Task details: Write the data out again exactly, with every picture removed.

===== Dataset content

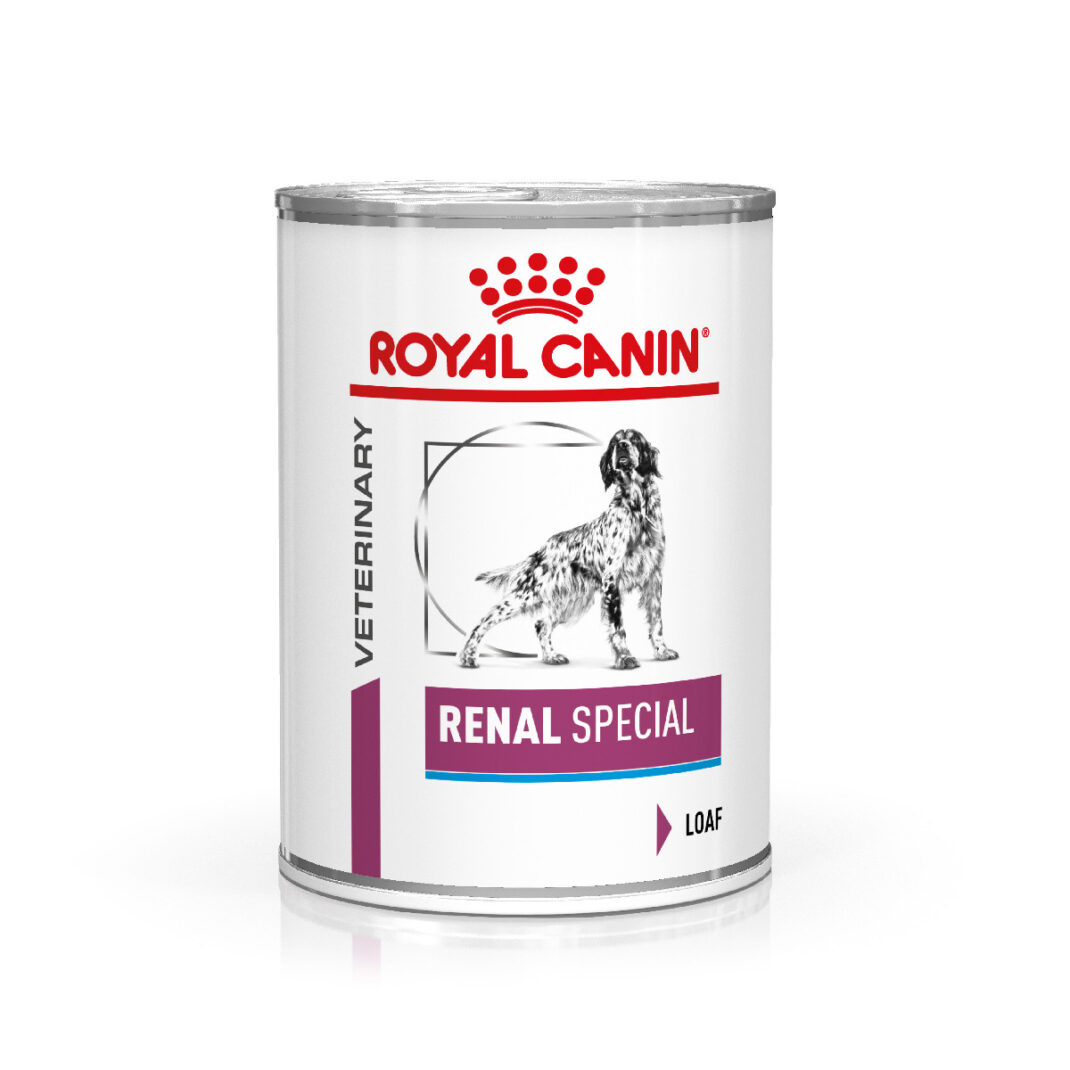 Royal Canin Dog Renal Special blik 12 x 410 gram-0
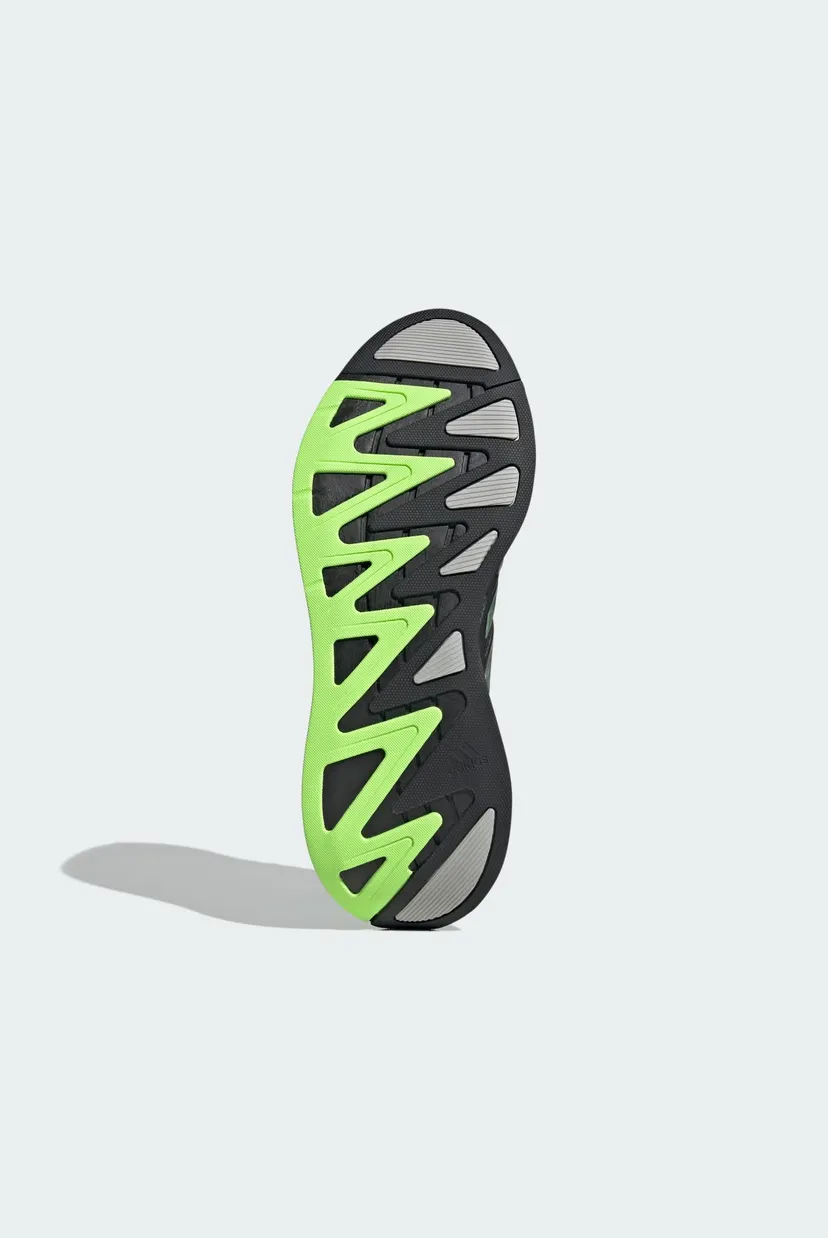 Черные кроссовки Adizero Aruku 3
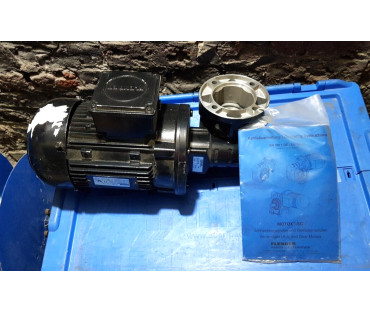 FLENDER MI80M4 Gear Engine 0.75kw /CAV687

==========

Answer space:
 Royal Canin Dog Renal Special blik 12 x 410 gram-0
 Черные кроссовки Adizero Aruku 3
 FLENDER MI80M4 Gear Engine 0.75kw /CAV687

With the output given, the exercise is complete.